Sorry, I work in a manufacturing plant and all of our machines are separate.
"Full-line integration" is a guy walking the length of the line pushing start/stop buttons or plugging/unplugging equipment.
A lot of our control boxes are relay ladder logic, but with actual relays. We have three-and-a-half machines with PLCs in them, though we just got three shiny new (2013) Bosch machines with ethernet-controlled motor drives in them that I can't wait to fondle.
Actually, a bunch of the standalone gear is pretty computerized; the metal detectors, automatic scales, and inkjet printers are really tightly integrated pieces of standalone equipment. They're always working and have straightforward plain-english warning and caution messages, so I don't have any complaints about those things.

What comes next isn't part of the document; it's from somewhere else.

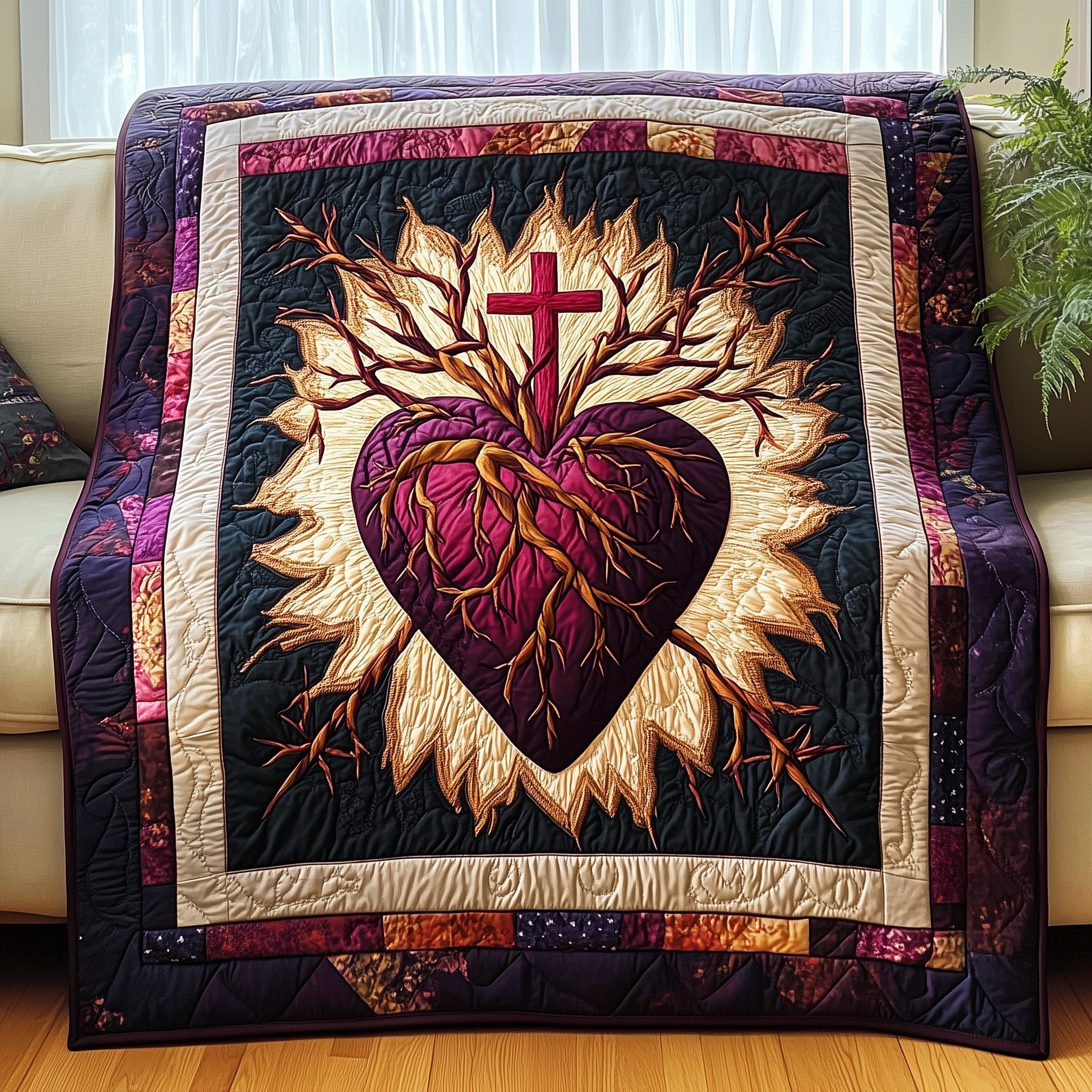 Burning with Mercy Quilted Blanket Sofa Throw BlanketBest Christmas Gifts For Women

Our newest piece of equipment is literally a Raspberry Pi with HDMI touchscreen in a stainless-steel case and a "serial" cord running to the equipment, which has a handful of servos, steppers, and solenoids. It appears to have been banged out by six guys in their basement, and the customer support and service help desk bears this notion out.
I have a vision that will eventually integrate all the equipment capable of being on a network to be on a network so that at least all the clocks are in sync. This may happen sometime after we get an air system that has an oil separator/dryer on it so I don't have to walk to every machine in the plant and drain water out of the water separators (if equipped) or pneumatic cylinders.